* What is being asked
Exactly as they appear, write the lines from the one containing "this 640×427 image." to the final line of the entries, leaving pictures out.

━━━━━━━━━━━━━━━━━━━━━━━━━━━━━━

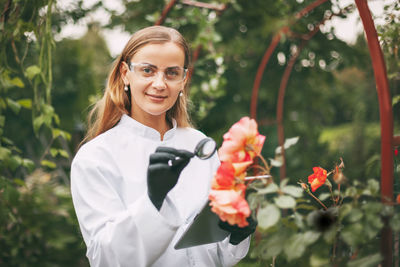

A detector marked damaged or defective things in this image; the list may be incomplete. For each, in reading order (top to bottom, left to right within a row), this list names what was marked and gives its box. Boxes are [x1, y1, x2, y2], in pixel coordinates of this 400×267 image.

rusty metal pole [354, 1, 396, 266]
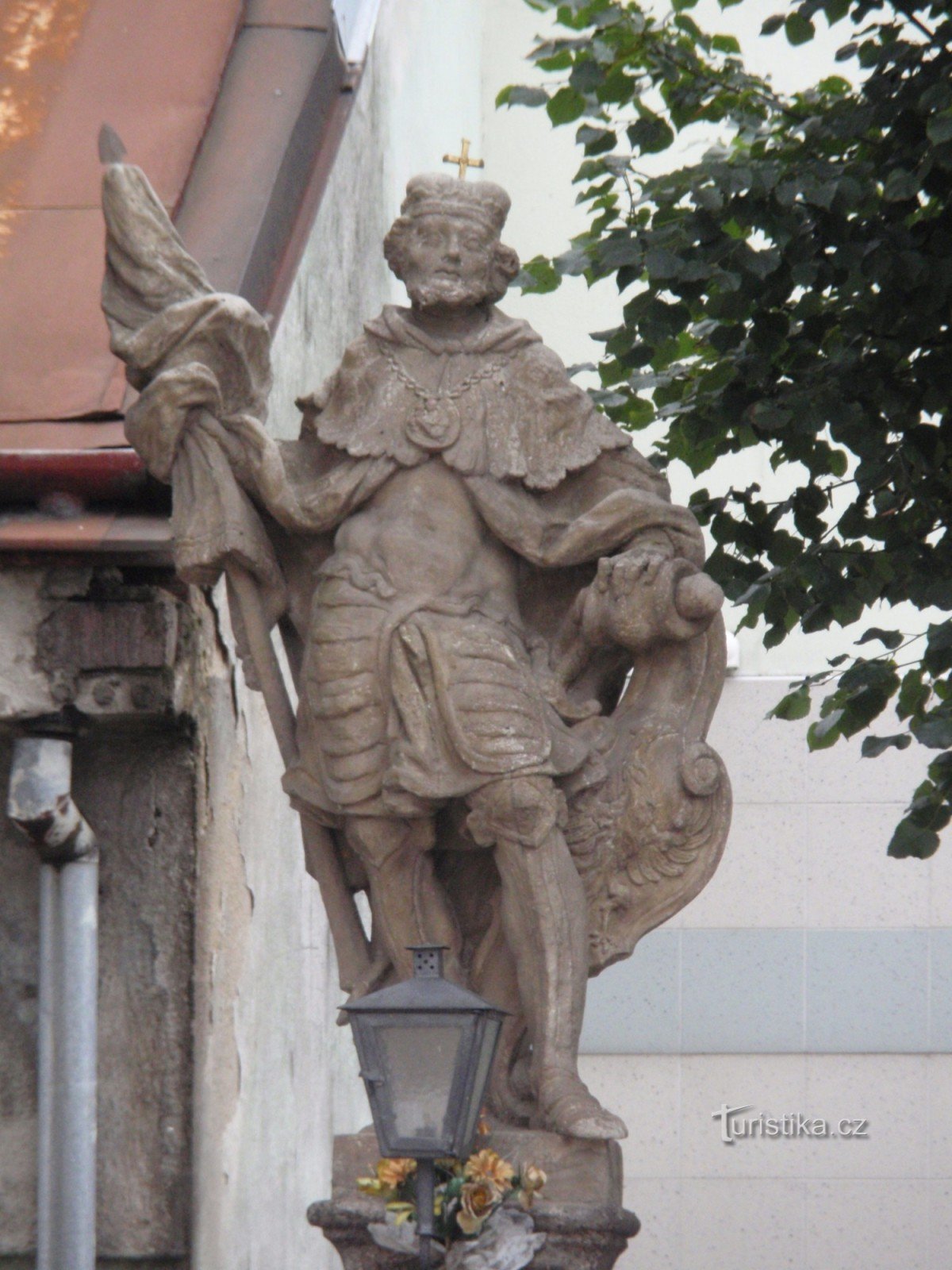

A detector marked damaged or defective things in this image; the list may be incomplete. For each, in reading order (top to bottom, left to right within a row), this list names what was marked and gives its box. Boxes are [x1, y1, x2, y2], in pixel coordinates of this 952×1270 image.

rusty metal pipe [6, 741, 98, 1270]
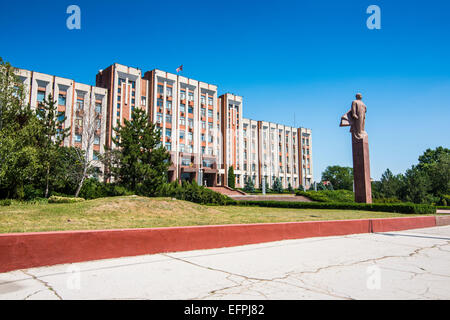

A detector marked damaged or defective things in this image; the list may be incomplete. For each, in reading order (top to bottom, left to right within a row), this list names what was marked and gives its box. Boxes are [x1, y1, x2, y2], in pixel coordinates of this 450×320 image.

cracked pavement [0, 225, 450, 300]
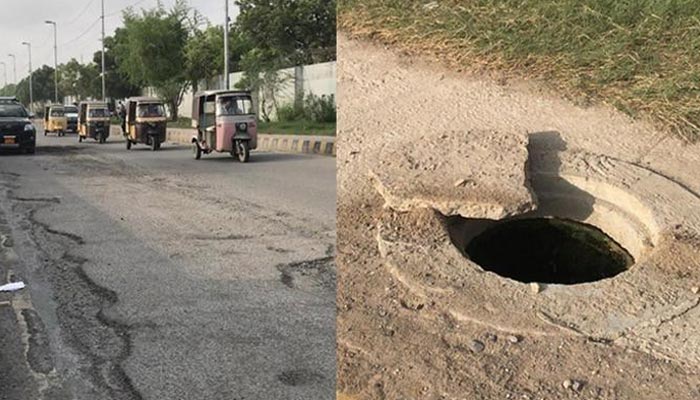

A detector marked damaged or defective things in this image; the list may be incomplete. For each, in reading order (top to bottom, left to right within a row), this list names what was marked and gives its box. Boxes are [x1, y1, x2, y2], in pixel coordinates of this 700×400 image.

cracked asphalt road [0, 133, 336, 400]
pothole [462, 216, 632, 284]
missing manhole cover [464, 217, 636, 282]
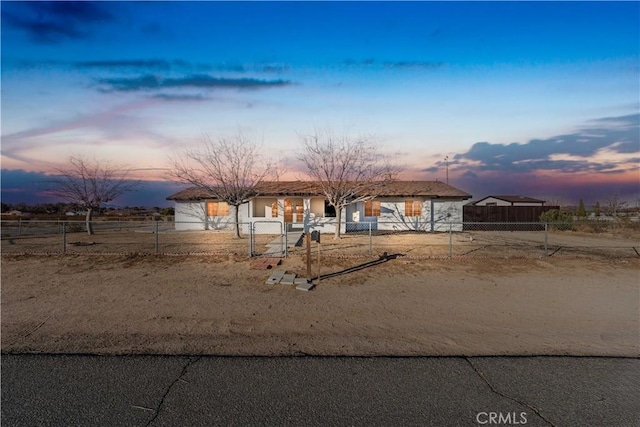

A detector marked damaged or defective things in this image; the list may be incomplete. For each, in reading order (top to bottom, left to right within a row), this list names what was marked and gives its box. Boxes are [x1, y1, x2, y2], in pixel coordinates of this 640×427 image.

road edge crack [464, 360, 556, 426]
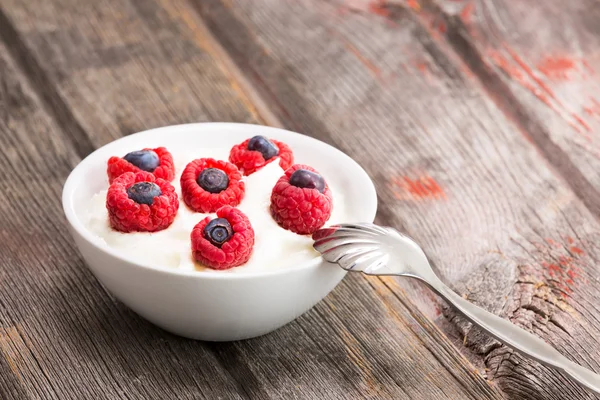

━━━━━━━━━━━━━━━━━━━━━━━━━━━━━━

* Exercise output
A detector marked damaged or defective things in this image; the list may be incomplete. For each, in reading order (top to bottom, left to right within a row), this list names what was marked and gives its box. Boxes are [x1, y1, x2, y2], in pixel coordinates of this 640×427 image.

road edge crack [464, 360, 556, 426]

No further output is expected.